Film: Every major shopping centre has a cinema complex showing mainstream movies, either run by Ster-Kinekor (website: www.sterkinekor.com) or Nu-Metro (website: www.numetro.co.za), with advance booking through Computicket (tel: 011 340 8000 or 083 915 8000; website: www.computicket.com). Increasingly, the cinemas are installing swipe machines for credit cards to receive pre-booked tickets. On one day of the week, usually Tuesdays, tickets are half price. Cinema Nouveau, located at The Mall of Rosebank, 50 Bath Avenue, Rosebank (tel: 011 880 2866), shows art-house films and regularly hosts film festivals.
Some notable films set in Johannesburg include Mapantsula (1988), which tells of a petty hoodlum caught up in the events of the student riots in Soweto, The Foreigner (1994), which deals with the growing xenophobia aimed mostly at immigrant Africans in Johannesburg, and The Line (1996), which portrays ordinary South Africans caught up in the violent times of a fast changing society.To date the most famous South African-made movie is Tsotsi, which won the Oscar for Best Foreign Film at the 2005 Academy Awards. Entirely filmed in Soweto, and in the Tsotsi Taal language, it tells the moving story of a violent and murderous gangster who finds himself unwittingly looking after a baby he found on the back seat of a car he hijacked. Tsotsi Taal is mixture of Afrikaans, English and African words, which was developed to communicate across different languages in the townships and is commonly used in kwaito music - a sort of gangster rap.
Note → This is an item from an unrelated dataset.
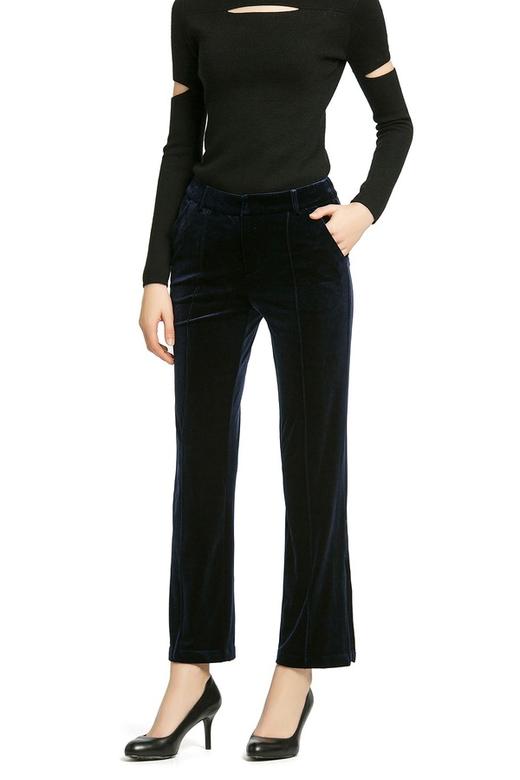 Eifini伊芙丽 藏蓝色灯芯绒喇叭裤 405 商品图1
Literary Notes: Johannesburg's tumultuous past (and present) has provided fertile grounds for the growth of a rich literary tradition. An excellent source of books is the African Books Collective (website: www.africanbookscollective.com).Nadine Gordimer, who won the 1991 Nobel Prize for Literature, was born close to the city in 1923 and has lived in Parktown, Johannesburg since 1948. In The House Gun (1998), set in Johannesburg, she explores, through a murder trial, the problems of a violence-ridden post-apartheid society. In his writings about Johannesburg, Herman Charles Bosman (1910-1951) presents the soul of the city as reflecting the soul of Africa. To understand the background as to why Johannesburg has fascinated so many writers, Gandhi's Johannesburg: Birthplace of Satyagraha (2000), by Eric Itzkin, and Johannesburg, One City, Colliding Worlds (2004), by Lindsey Bremner, are both a good initial read.
Although Nelson Mandela was not born in Johannesburg, he did have a law practice here in the 1950s and was arrested in the suburb of Rivonia, before being tried and convicted for treason in 1963. Mandela's autobiography Long Walk to Freedom (1995) provides a remarkable insight into what Johannesburg in the 1940s and 50s was like for this extraordinary man.
Zakes Mda's novel about Sophiatown, Heart of Redness (2001), explores the area during 'The golden 50s, the flowering of South African culture and the Sophiatown renaissance'. One of Johannesburg's most famous theatrical sons is Pieter-Dirk Uys, possibly better known as his alter-ego Evita Bezuidenhout. Pieter-Dirk Uys started irritating South African politicians and censors with his plays from 1973 onwards. His better known or more notorious works include Adapt or Dye (1981), which parodied the white regime's preoccupation with skin colour and, more recently, Truth Omissions (1996/1997), a somewhat acerbic comment on South Africa's Truth Commission, a post-apartheid platform to facilitate reconciliation and reparation.
One of South Africa's greatest living poets, Don Mattera, was born in Johannesburg's Sophiatown in 1935. His grandparents sent him to a private Catholic boarding school, which he hated. Here he acquired little other than skills in English, boxing and codes of masculinity, which he turned to great advantage on his return to Sophiatown, where he became leader of one of the most notorious gangs, the Vultures. Then, slowly, along with the campaign against the apartheid removals (from Sophiatown), began the process of politicisation (membership of the ANC Youth League) and his transformation from gangland boss to political activist.